:: WHAT YOU SHOULD DO ::
In the records below, find the line that contains "Historic brick buildings" and the line that contains "Horizontal image of". Set down exactly those lines and every line between them, and nothing more.

━━━━━━━━━━━━━━━━━━━━

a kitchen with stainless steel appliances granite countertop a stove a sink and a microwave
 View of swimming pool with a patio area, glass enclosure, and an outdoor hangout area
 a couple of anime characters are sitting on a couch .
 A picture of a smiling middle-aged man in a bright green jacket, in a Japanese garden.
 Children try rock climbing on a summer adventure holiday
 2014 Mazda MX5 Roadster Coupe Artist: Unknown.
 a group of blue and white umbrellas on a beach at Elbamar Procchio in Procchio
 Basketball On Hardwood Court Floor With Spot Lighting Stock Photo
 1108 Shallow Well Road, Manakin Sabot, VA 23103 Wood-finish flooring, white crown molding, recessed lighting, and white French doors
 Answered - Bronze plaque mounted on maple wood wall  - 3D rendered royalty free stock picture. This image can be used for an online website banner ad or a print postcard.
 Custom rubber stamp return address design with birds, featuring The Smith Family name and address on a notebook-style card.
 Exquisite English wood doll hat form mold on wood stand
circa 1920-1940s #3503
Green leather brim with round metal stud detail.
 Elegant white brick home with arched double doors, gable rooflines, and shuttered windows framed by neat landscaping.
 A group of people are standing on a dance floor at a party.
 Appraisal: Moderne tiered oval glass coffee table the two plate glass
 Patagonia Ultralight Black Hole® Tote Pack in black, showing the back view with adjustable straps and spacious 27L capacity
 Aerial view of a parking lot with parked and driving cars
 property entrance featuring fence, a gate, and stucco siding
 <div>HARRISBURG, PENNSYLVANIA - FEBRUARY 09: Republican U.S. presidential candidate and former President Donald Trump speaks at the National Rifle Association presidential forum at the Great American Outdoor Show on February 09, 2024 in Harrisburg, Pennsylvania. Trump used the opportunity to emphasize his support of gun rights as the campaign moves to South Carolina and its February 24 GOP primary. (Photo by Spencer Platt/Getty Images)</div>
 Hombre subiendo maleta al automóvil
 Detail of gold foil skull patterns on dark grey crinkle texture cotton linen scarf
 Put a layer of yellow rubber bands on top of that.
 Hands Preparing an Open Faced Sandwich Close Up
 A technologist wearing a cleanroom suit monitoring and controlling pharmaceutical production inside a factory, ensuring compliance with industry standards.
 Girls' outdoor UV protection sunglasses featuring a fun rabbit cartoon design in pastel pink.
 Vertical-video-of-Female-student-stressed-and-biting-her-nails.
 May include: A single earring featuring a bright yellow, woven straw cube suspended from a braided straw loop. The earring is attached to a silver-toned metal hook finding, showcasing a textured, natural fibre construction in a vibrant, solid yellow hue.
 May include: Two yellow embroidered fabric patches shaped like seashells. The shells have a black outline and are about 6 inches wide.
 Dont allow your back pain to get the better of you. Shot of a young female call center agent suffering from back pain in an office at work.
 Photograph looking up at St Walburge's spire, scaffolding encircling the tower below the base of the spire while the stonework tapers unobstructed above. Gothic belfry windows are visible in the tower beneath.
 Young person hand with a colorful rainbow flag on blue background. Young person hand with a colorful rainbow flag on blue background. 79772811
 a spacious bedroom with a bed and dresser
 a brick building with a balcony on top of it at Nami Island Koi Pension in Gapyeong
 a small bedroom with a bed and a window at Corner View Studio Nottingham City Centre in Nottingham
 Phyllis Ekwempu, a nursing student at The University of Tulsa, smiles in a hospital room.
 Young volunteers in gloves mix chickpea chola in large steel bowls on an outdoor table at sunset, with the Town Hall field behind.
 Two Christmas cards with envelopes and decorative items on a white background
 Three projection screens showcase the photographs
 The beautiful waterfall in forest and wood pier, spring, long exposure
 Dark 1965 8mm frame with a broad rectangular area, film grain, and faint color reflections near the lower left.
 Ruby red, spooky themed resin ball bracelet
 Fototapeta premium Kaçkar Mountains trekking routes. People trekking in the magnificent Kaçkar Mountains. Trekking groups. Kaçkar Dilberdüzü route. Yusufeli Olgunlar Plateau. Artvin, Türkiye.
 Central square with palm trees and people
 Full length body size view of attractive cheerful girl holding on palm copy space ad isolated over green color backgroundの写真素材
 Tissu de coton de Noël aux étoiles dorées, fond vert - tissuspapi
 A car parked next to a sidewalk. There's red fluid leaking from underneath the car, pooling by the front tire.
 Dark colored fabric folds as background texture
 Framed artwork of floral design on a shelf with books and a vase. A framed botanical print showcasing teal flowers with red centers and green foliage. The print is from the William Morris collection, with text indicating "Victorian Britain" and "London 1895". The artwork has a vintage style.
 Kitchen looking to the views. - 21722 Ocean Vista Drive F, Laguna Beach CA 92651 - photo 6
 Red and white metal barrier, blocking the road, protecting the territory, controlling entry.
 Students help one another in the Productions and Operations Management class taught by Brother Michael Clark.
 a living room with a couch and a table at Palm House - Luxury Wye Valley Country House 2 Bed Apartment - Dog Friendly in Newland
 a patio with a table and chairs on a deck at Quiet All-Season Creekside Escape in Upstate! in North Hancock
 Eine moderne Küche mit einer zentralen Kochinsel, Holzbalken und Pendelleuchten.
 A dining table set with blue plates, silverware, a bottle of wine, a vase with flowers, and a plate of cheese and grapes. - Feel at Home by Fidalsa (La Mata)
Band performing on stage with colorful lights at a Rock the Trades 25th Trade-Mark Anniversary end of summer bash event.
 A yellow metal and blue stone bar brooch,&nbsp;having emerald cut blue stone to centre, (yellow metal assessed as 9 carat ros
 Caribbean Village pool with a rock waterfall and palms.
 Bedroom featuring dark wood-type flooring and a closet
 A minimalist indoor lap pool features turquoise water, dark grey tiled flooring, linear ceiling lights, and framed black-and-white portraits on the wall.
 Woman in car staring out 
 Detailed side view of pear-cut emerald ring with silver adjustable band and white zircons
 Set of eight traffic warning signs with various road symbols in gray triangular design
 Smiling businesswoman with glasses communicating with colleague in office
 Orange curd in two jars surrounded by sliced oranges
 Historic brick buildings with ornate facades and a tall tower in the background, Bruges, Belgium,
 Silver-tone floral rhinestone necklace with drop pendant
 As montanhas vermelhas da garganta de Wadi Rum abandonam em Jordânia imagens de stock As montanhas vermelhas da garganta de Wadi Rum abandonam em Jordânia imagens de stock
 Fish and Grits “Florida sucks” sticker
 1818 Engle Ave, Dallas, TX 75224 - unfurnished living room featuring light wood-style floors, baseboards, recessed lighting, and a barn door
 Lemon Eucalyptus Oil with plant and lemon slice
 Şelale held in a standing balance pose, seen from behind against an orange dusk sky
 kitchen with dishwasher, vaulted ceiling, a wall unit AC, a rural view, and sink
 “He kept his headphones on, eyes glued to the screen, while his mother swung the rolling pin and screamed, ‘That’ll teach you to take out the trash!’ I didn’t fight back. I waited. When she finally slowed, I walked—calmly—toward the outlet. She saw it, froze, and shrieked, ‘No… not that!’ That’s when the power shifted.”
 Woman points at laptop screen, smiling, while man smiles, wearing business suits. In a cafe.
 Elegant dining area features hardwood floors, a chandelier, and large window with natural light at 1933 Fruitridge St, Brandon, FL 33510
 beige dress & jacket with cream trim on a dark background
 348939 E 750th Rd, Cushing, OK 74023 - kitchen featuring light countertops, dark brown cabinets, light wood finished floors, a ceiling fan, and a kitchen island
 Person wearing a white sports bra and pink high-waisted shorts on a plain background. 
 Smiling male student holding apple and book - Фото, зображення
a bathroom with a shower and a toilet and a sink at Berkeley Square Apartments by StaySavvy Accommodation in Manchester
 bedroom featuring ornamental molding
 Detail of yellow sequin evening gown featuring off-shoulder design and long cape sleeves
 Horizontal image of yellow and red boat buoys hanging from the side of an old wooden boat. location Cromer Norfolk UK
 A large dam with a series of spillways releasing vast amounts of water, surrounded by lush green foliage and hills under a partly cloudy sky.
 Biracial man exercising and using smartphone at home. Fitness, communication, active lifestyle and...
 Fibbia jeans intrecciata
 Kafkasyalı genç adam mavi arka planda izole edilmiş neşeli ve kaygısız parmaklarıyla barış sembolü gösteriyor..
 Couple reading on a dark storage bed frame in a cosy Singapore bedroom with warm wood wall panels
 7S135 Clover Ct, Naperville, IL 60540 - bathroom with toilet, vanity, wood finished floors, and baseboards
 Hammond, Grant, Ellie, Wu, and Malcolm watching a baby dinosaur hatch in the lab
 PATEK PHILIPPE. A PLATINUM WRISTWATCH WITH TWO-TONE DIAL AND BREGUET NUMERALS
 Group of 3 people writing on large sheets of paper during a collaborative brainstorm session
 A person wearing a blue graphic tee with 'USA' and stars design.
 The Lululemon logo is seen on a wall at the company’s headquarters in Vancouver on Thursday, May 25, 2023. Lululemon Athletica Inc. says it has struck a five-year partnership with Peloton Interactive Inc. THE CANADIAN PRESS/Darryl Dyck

━━━━━━━━━━━━━━━━━━━━

:: SOLUTION TO THE PROBLEM ::
 Historic brick buildings with ornate facades and a tall tower in the background, Bruges, Belgium,
 Silver-tone floral rhinestone necklace with drop pendant
 As montanhas vermelhas da garganta de Wadi Rum abandonam em Jordânia imagens de stock As montanhas vermelhas da garganta de Wadi Rum abandonam em Jordânia imagens de stock
 Fish and Grits “Florida sucks” sticker
 1818 Engle Ave, Dallas, TX 75224 - unfurnished living room featuring light wood-style floors, baseboards, recessed lighting, and a barn door
 Lemon Eucalyptus Oil with plant and lemon slice
 Şelale held in a standing balance pose, seen from behind against an orange dusk sky
 kitchen with dishwasher, vaulted ceiling, a wall unit AC, a rural view, and sink
 “He kept his headphones on, eyes glued to the screen, while his mother swung the rolling pin and screamed, ‘That’ll teach you to take out the trash!’ I didn’t fight back. I waited. When she finally slowed, I walked—calmly—toward the outlet. She saw it, froze, and shrieked, ‘No… not that!’ That’s when the power shifted.”
 Woman points at laptop screen, smiling, while man smiles, wearing business suits. In a cafe.
 Elegant dining area features hardwood floors, a chandelier, and large window with natural light at 1933 Fruitridge St, Brandon, FL 33510
 beige dress & jacket with cream trim on a dark background
 348939 E 750th Rd, Cushing, OK 74023 - kitchen featuring light countertops, dark brown cabinets, light wood finished floors, a ceiling fan, and a kitchen island
 Person wearing a white sports bra and pink high-waisted shorts on a plain background. 
 Smiling male student holding apple and book - Фото, зображення
a bathroom with a shower and a toilet and a sink at Berkeley Square Apartments by StaySavvy Accommodation in Manchester
 bedroom featuring ornamental molding
 Detail of yellow sequin evening gown featuring off-shoulder design and long cape sleeves
 Horizontal image of yellow and red boat buoys hanging from the side of an old wooden boat. location Cromer Norfolk UK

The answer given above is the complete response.